▶ _WORK TASK_: Word for word, restate the lines of the data below between those holding "Keeper Pouch Wristlet" and "1girl absurdres blonde_hair", inclusive; pictures do not belong in the copy.

▶ _PROVIDED MATERIAL_:
□ □ □ □ □ □ □

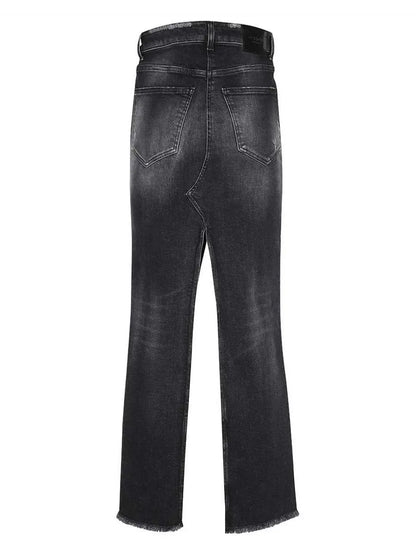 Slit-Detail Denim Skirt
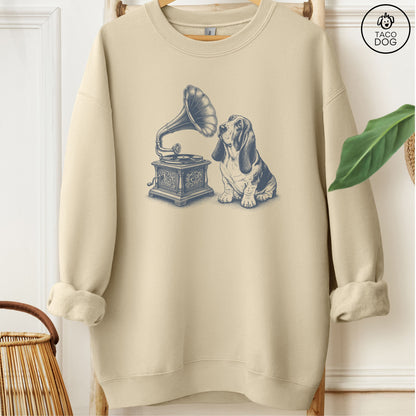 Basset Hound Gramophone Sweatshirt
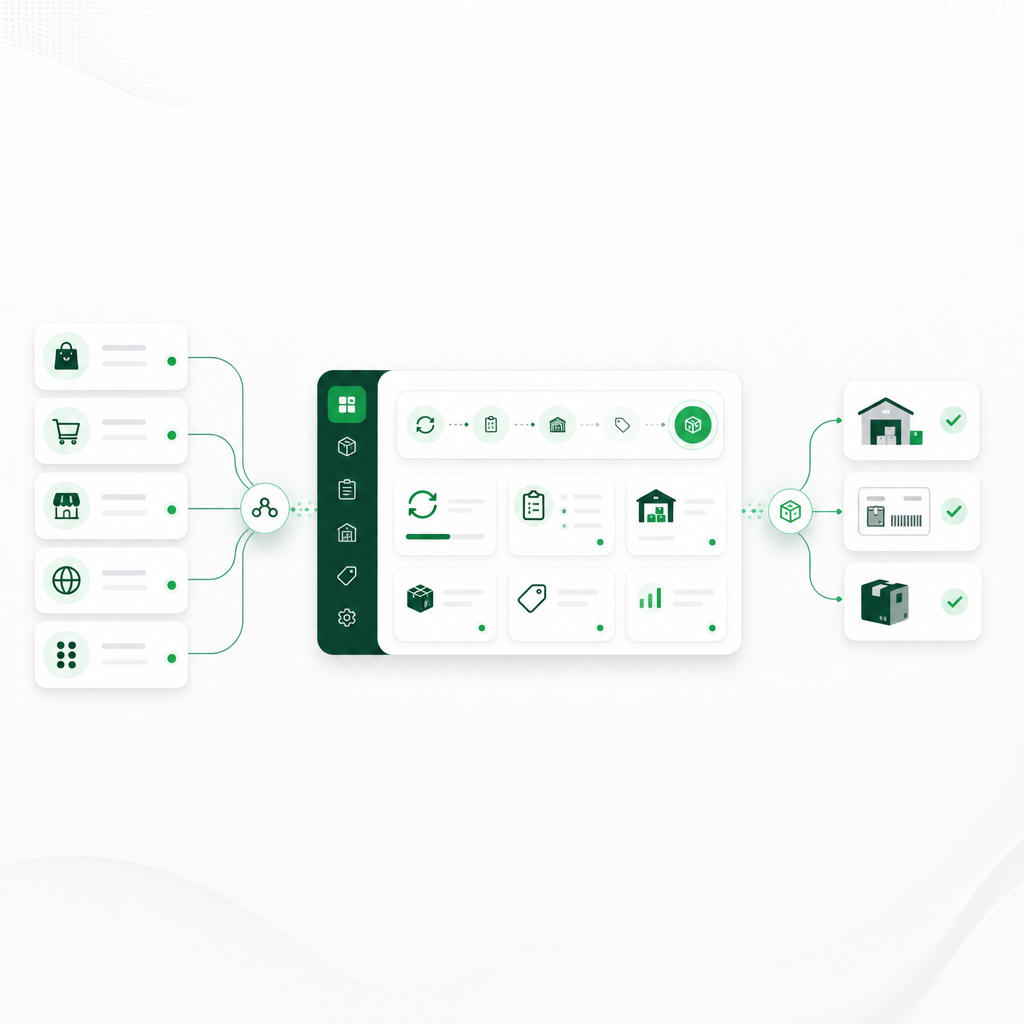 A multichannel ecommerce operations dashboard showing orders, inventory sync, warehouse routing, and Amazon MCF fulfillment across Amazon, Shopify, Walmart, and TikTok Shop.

□ □ □ □ □ □ □

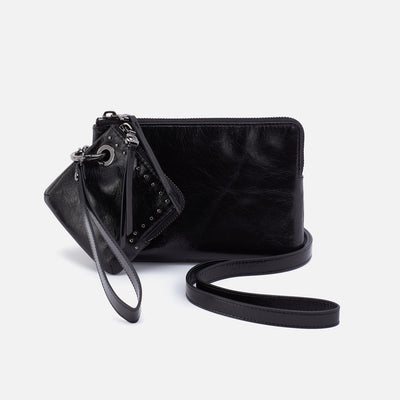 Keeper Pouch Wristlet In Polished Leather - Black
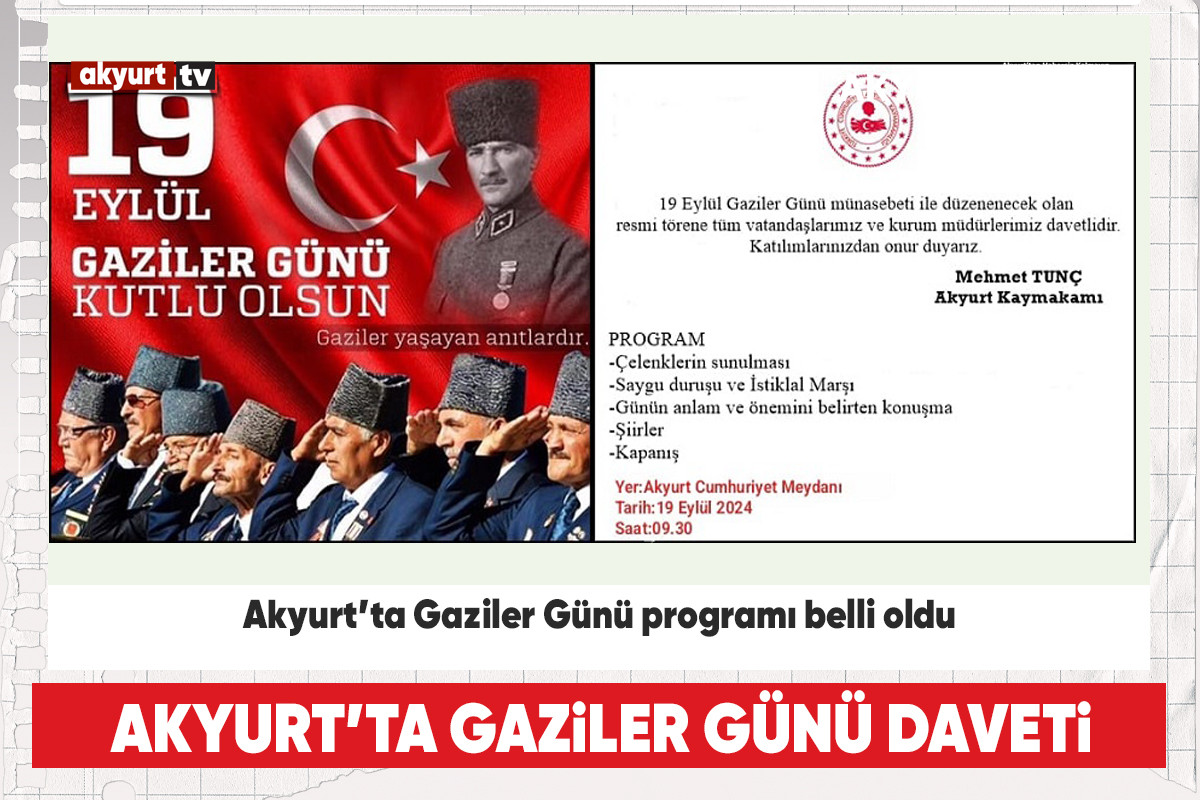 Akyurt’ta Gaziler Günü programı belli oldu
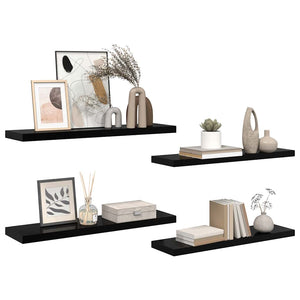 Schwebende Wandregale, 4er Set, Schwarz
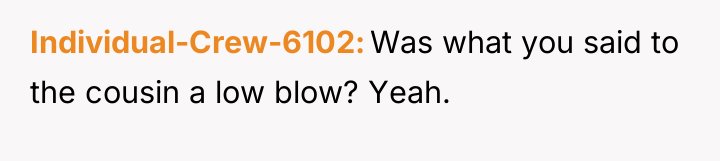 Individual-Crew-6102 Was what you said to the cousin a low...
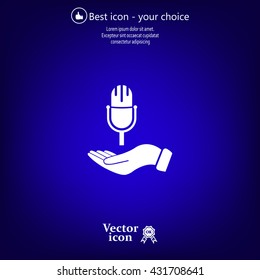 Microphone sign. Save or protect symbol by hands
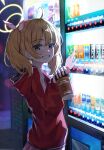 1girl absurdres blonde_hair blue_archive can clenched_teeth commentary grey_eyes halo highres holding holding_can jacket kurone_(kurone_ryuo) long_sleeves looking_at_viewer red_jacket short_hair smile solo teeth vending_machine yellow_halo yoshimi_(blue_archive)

□ □ □ □ □ □ □

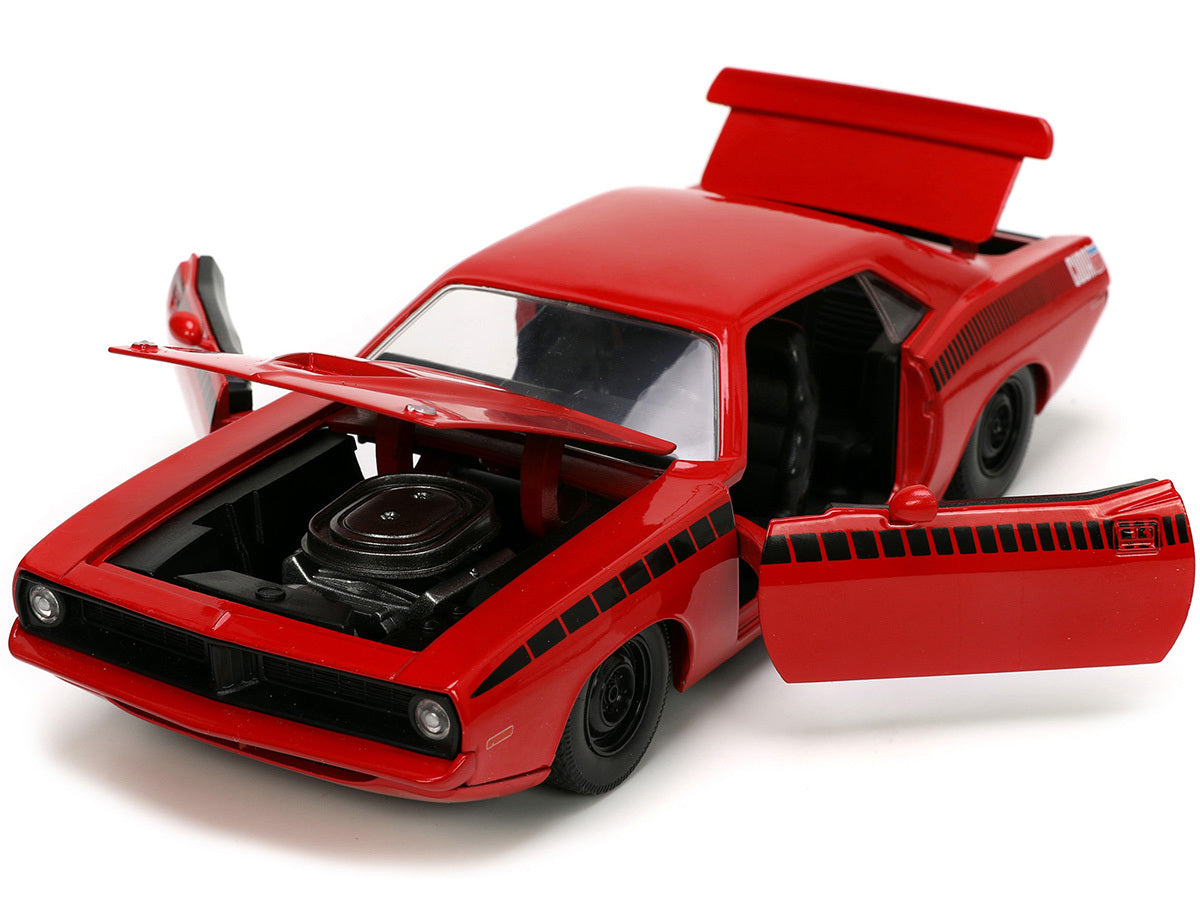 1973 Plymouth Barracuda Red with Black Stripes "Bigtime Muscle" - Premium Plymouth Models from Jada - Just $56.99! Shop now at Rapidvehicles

□ □ □ □ □ □ □

▶ _OUTPUT BELOW_:
 Keeper Pouch Wristlet In Polished Leather - Black
 Akyurt’ta Gaziler Günü programı belli oldu
 Schwebende Wandregale, 4er Set, Schwarz
 Individual-Crew-6102 Was what you said to the cousin a low...
 Microphone sign. Save or protect symbol by hands
 1girl absurdres blonde_hair blue_archive can clenched_teeth commentary grey_eyes halo highres holding holding_can jacket kurone_(kurone_ryuo) long_sleeves looking_at_viewer red_jacket short_hair smile solo teeth vending_machine yellow_halo yoshimi_(blue_archive)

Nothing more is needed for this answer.